Lance turned toward the board, away from Sharp. He’d always known he didn’t have the full scoop. But none of this explained how a young woman had ended up in the trunk of his dad’s car.

“Let’s divvy up our tasks,” Sharp said. “I’ll search online records and the Social Security Death Master File for Vic’s old boss, Phil Dryer. I can also make a few calls and see if there are any good rumors floating around about the case.” Sharp knew everyone in local law enforcement who’d been on the job more than five years. “We need fresh background checks on everyone involved, and we obviously can’t ask Jenny to do them for us.”

“I’ll take care of those. I’m not as fast as my mom, but I can get the job done,” Lance said.

“Someone needs to go down to the county clerk’s office and check vital records. We need to find out if Phil is still alive. If he is, I want to talk to him. Maybe now that he no longer works for UpState Insurance, he’ll be more willing to share information than he was back then. I’d really like to know how precarious Vic’s job really was. Phil would never give me a straight answer about the financial health of the company.”

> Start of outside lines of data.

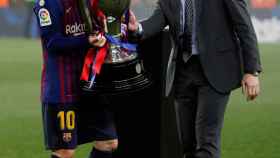 Rubiales entrega a Messi el título de Liga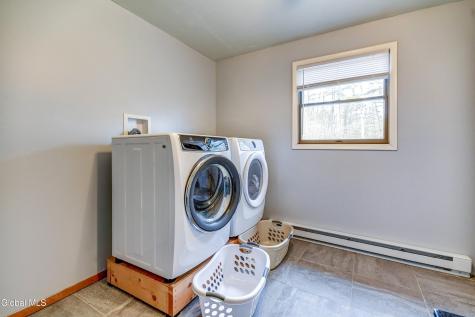 59 1st Ave Avenue Broadalbin NY 12025
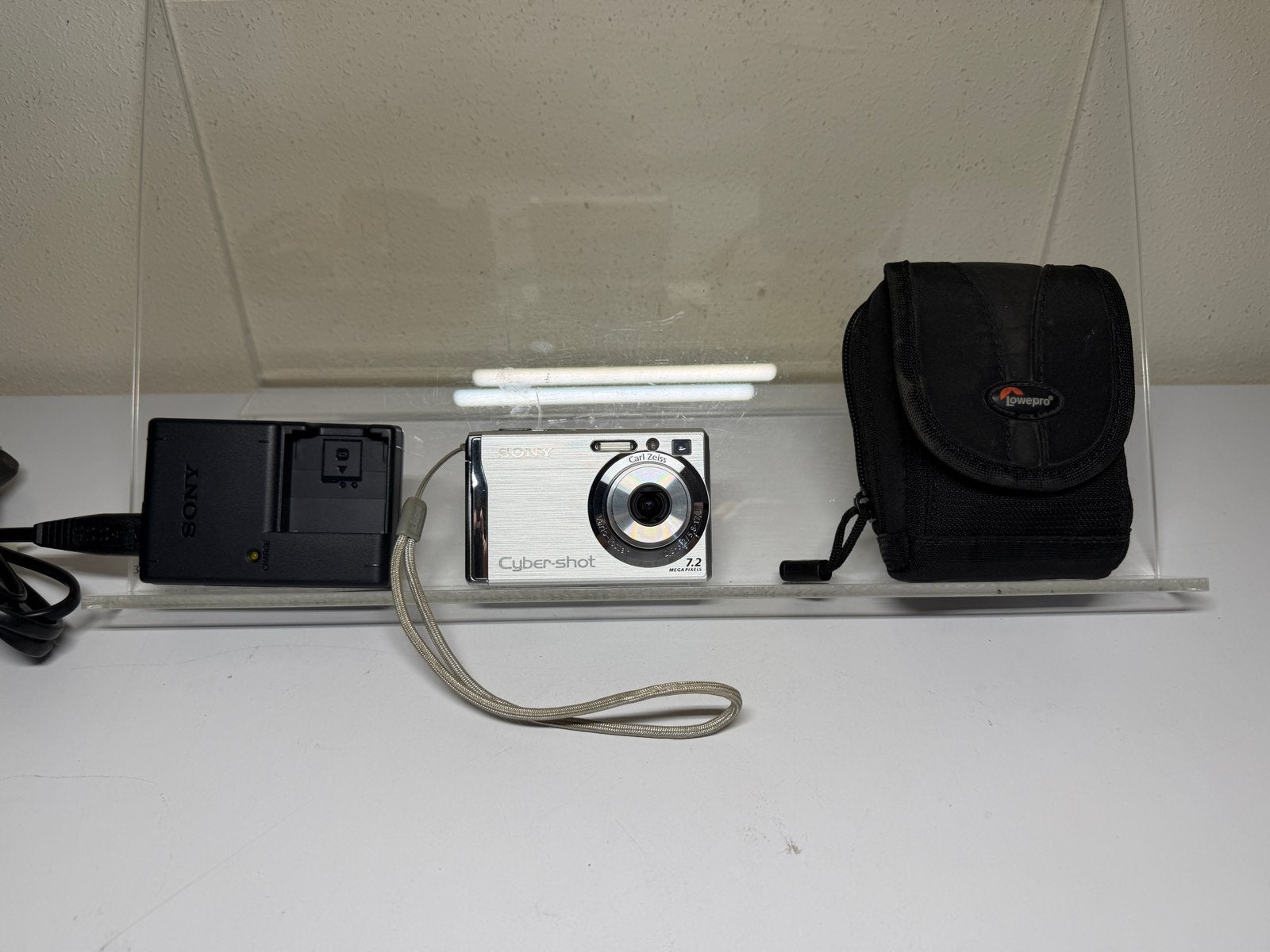 Sony Cyber-shot DSC-W80 Compactcamera met 7.2 MP, Ingebouwde flitser, Gebruikt, Ophalen of Verzenden, Compactcamera
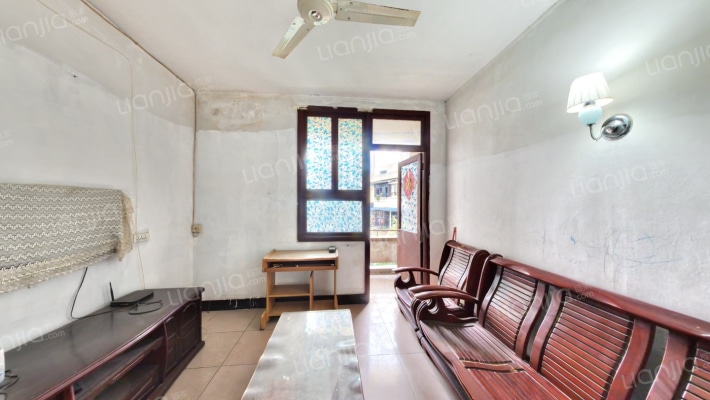 中建机械制造厂生活区二手房实景图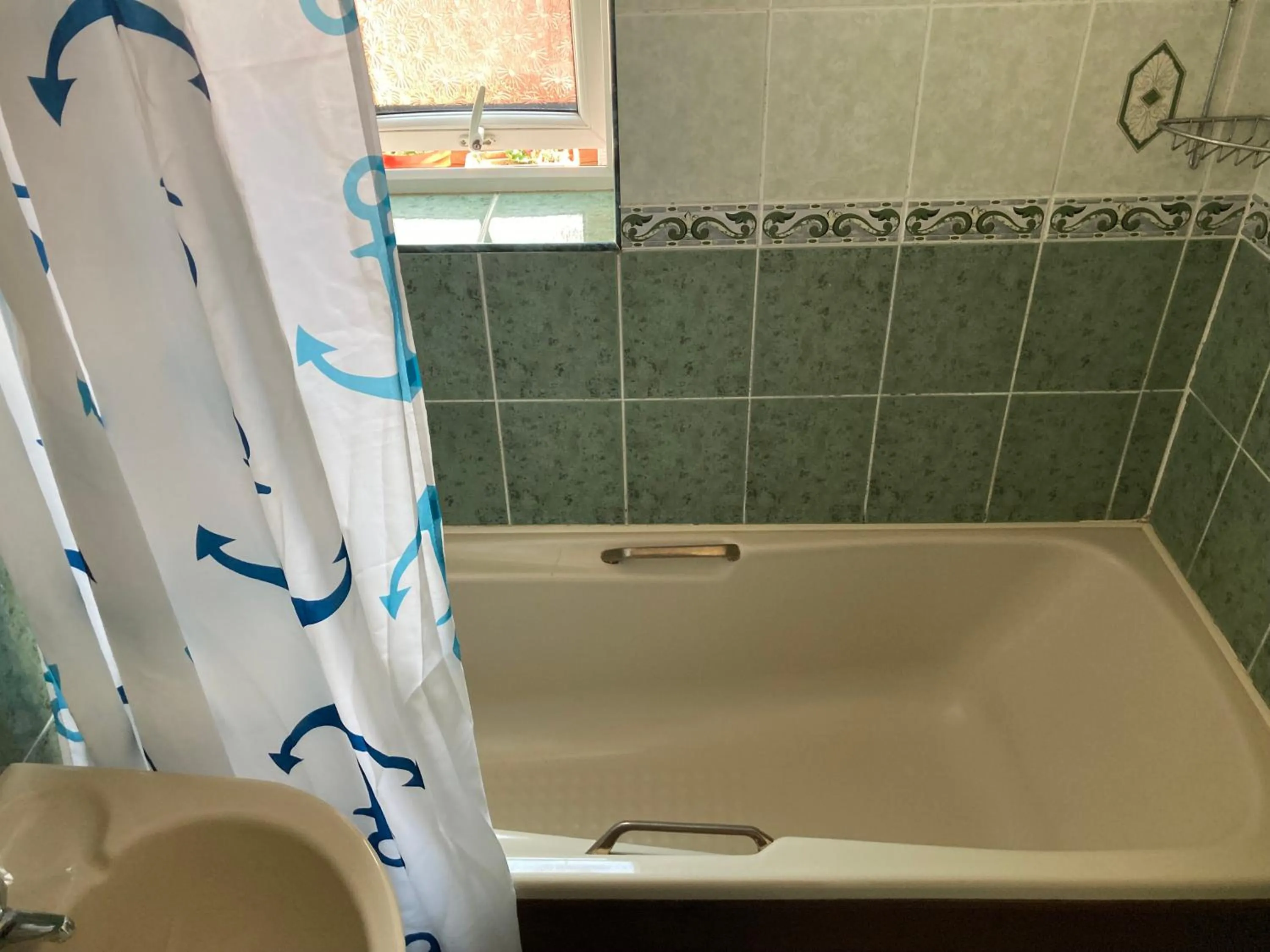 Bath in Harman Suites Self-Catering Apartments Free WIFI & Parking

“Aren’t vital records available online?” Morgan asked. “If he died, the county will have a death certificate on file.”

“In Randolph County, you can request them online, but you might not receive them for a week or a month . . . or ever,” Sharp said.

Morgan nodded. “I have to go to the courthouse to file a discovery motion for a DUI case I’m working on. It’s Esposito’s case, and the DA’s office has been slow to send me information.”

“What a jerk.” Sharp shook his head. “Lance, go with Morgan to the courthouse. You can check vital records while she’s filing her motion. I don’t want her alone until her stalker is brought in.”

Chapter Eleven

Morgan filed her discovery motion, then took the elevator to the ground floor and navigated the maze of hallways that led to the wing of the courthouse that housed the county clerk’s office.